Prediction and tolerance intervals for dynamic treatment regimes.

作者信息

Lizotte Daniel J, Tahmasebi Arezoo

机构信息

Departments of Computer Science and Epidemiology & Biostatistics, The University of Western Ontario, London, Ontario, Canada.

出版信息

Stat Methods Med Res. 2017 Aug;26(4):1611-1629. doi: 10.1177/0962280217708662. Epub 2017 Jul 11.
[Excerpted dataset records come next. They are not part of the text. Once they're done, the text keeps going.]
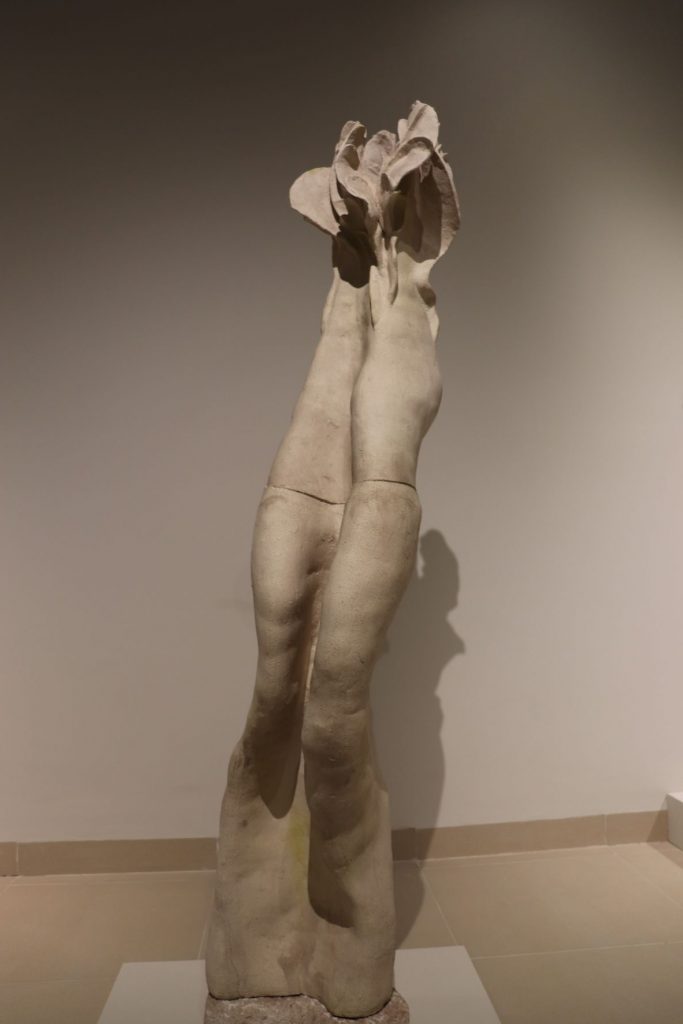 Tall modern sculpture on display in the gallery of Museo de la Isla de Cozumel.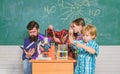 Experimenting together. Supportive environment explore STEM. Practical knowledge. Child care and development. School Royalty Free Stock Photo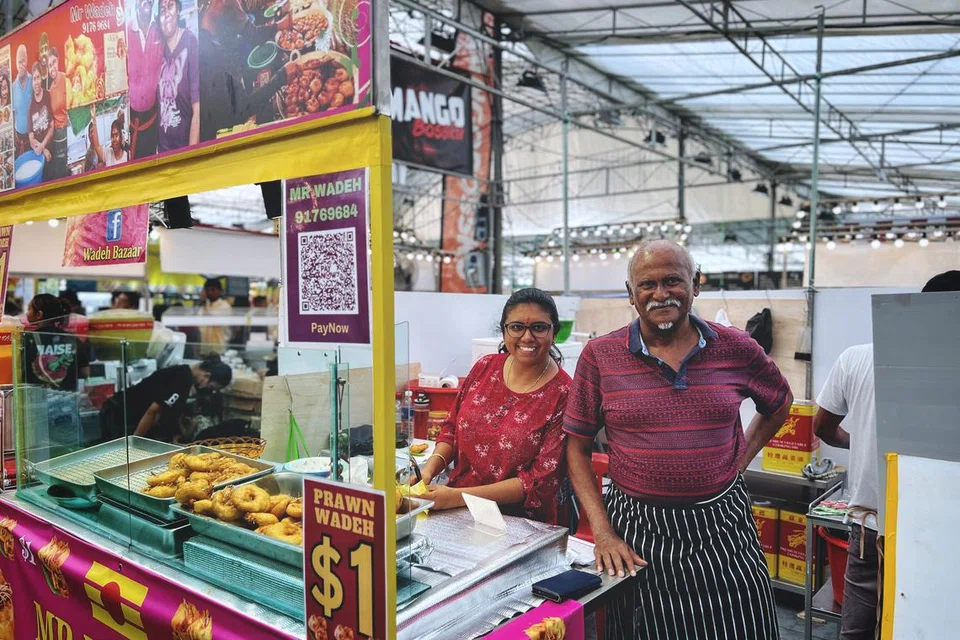 Pemilik Mr Wadeh, Encik Raj Govin (kanan) bersama anaknya Cik Anita (kiri) di bazar Hari Raya Geylang Serai.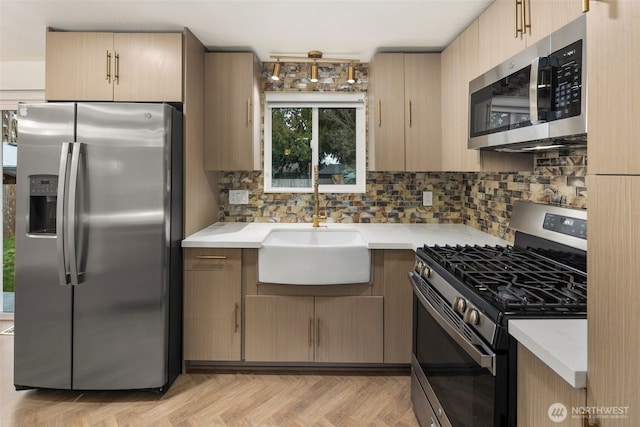 kitchen with appliances with stainless steel finishes, light countertops, a sink, and tasteful backsplash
DOI:10.1177/0962280217708662
PMID:28695763
Abstract

We develop and evaluate tolerance interval methods for dynamic treatment regimes (DTRs) that can provide more detailed prognostic information to patients who will follow an estimated optimal regime. Although the problem of constructing confidence intervals for DTRs has been extensively studied, prediction and tolerance intervals have received little attention. We begin by reviewing in detail different interval estimation and prediction methods and then adapting them to the DTR setting. We illustrate some of the challenges associated with tolerance interval estimation stemming from the fact that we do not typically have data that were generated from the estimated optimal regime. We give an extensive empirical evaluation of the methods and discussed several practical aspects of method choice, and we present an example application using data from a clinical trial. Finally, we discuss future directions within this important emerging area of DTR research.

摘要

我们开发并评估了用于动态治疗方案(DTR)的容忍区间方法,这些方法可以为遵循估计的最优方案的患者提供更详细的预后信息。尽管针对DTR构建置信区间的问题已得到广泛研究,但预测区间和容忍区间却很少受到关注。我们首先详细回顾不同的区间估计和预测方法,然后将它们应用于DTR设置。我们说明了与容忍区间估计相关的一些挑战,这些挑战源于我们通常没有从估计的最优方案中生成的数据这一事实。我们对这些方法进行了广泛的实证评估,并讨论了方法选择的几个实际方面,还给出了一个使用来自临床试验数据的示例应用。最后,我们讨论了DTR研究这一重要新兴领域的未来发展方向。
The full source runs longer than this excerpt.